SAÚDE
Estresse pode agravar o bem-estar e até causar hipertensão. Saiba como evitar
Controlar a tensão do cotidiano ajuda a abaixar a pressão arterial. E, com isso, afasta ataques cardíacos e derrames
Por Folha Web
Em 14/04/2018 às 00:25
A respiração está diretamente relacionada com nossas emoções

Estar em alguma situação de perigo (ou de estresse) faz o corpo disparar uma reação conhecida como “luta ou fuga”. Nela, ocorre uma maior liberação de hormônios, como a adrenalina e o cortisol, que têm o efeito de subir a pressão arterial – e aqui mora o perigo em pessoas com hipertensão.

O objetivo do estresse é entregar mais sangue aos músculos e, assim, permitir uma resposta rápida à ameaça: partir para a porrada ou correr para um abrigo. Esse mecanismo foi primordial para a sobrevivência da nossa espécie na época das cavernas, quando havia inúmeros riscos na natureza.

“O problema é que hoje nosso organismo reage a uma briga de família ou a uma bronca do chefe de maneira similar a que se preparava para enfrentar um tigre-dentes-de-sabre”, compara a psicóloga Marilda Novaes Lipp, do Instituto de Psicologia e Controle do Stress, em São Paulo.
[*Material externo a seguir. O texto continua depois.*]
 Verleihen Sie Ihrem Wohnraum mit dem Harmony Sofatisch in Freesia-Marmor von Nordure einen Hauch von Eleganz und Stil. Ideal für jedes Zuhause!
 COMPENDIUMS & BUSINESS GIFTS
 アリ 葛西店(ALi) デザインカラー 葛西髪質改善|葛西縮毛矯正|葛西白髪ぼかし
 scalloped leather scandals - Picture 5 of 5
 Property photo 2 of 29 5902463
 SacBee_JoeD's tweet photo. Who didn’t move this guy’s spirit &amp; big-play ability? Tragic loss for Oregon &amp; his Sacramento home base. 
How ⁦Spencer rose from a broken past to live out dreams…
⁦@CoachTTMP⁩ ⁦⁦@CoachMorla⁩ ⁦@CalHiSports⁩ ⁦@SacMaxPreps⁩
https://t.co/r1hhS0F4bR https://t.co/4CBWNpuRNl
Trabalhar, cuidar da casa, pegar filhos na escola e enfrentar um belo trânsito no caminho: é fácil, fácil a tensão virar rotina. Hoje, 69% dos trabalhadores brasileiros se dizem estressados.
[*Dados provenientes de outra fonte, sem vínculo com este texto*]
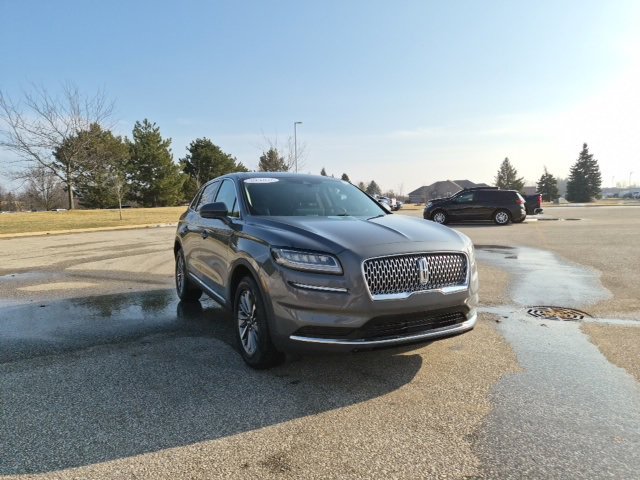 Used 2023 Lincoln Nautilus AWD w/ Premium Package image 3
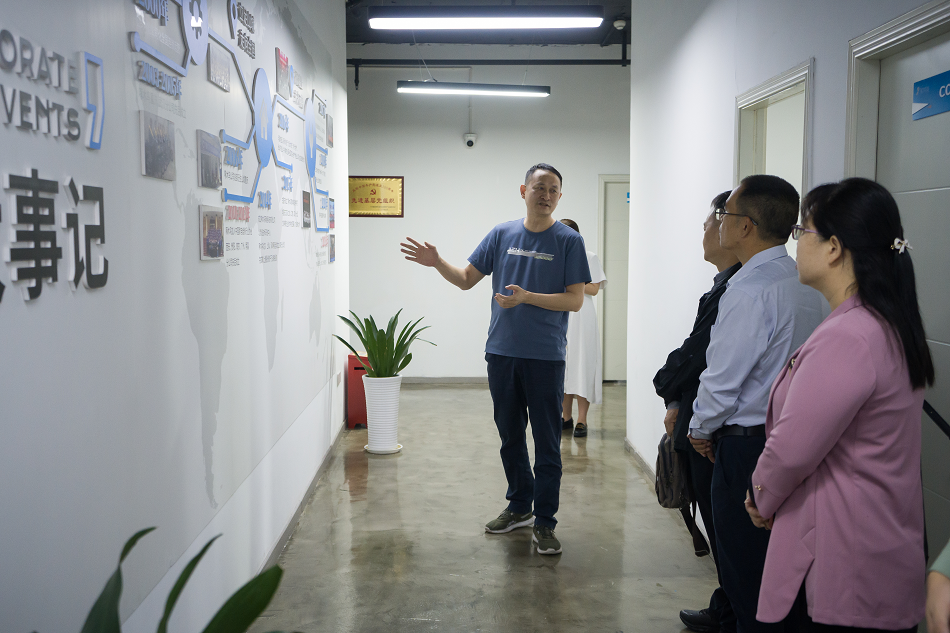 廣西北海市工信局陸驍君一行  調研啄木鳥家庭維修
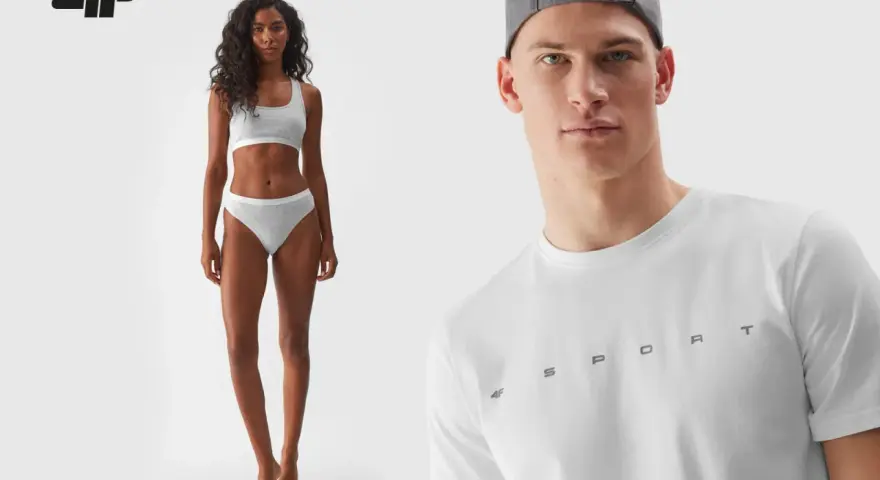 Kobieta w bieliźnie 4F i mężczyzna w koszulce z napisem SPORT. Czy bawełna się rozciąga? Tak, ta odzież sportowa jest elastyczna.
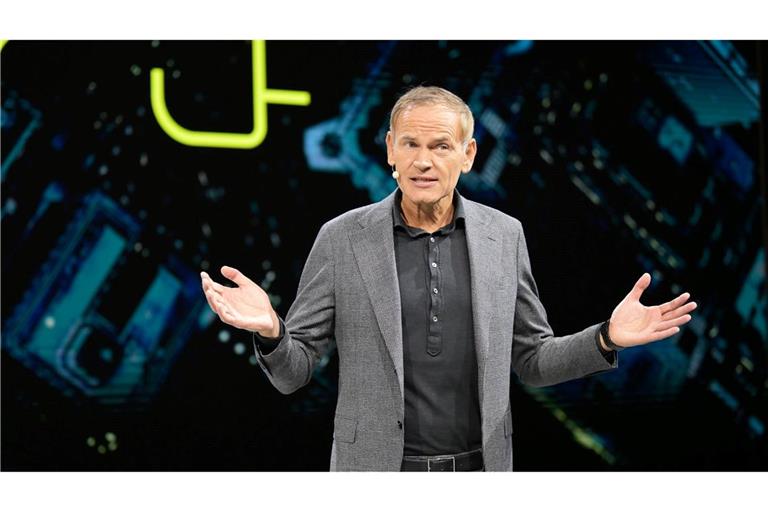 VW- und Porsche-Chef Blume zeigt sich auf der IAA verhalten optimistisch.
Aí sobra para as artérias e para o peito. “O indivíduo estressado continuamente permanecerá com a pressão num patamar mais elevado”, raciocina o fisiologista Antonio Claudio Nóbrega, da Universidade Federal Fluminense. Portanto, qualquer atitude que vá contra esse nervosismo, indiretamente, afasta infarto, AVC e outras doenças cardiovasculares.

Deixar o celular de lado

Hoje em dia o celular parece parte de nós, mas saiba que ele ajuda (e muito!) a aumentar o estresse das pessoas. Um estudo publicado no BMC Public Health em 2011 acompanhou 4156 jovens de 20 a 24 anos de idade por um ano, relacionando seu uso de celular com problemas de saúde mental, como depressão, estresse e falta de sono.

Foi percebido que aqueles que usam muito seus telefones tinham incidências mais altas de estresse, principalmente naqueles que percebiam esse uso como algo estressante.

Muitas pessoas acabam continuando conectadas ao trabalho, por exemplo, por meio de seus celulares, não permitindo que elas tenham tempo de descanso. Outra questão é o imediatismo desses aparelhos: o uso excessivo do celular, das redes sociais e aplicativos pode colaborar com o estresse, na medida em que se torna mais uma obrigação, porque aparece para a outra pessoa a que horas que você abriu o aplicativo ou conversou pela última vez. Claro que não há problemas em se usar o celular, desde que seu uso seja equilibrado.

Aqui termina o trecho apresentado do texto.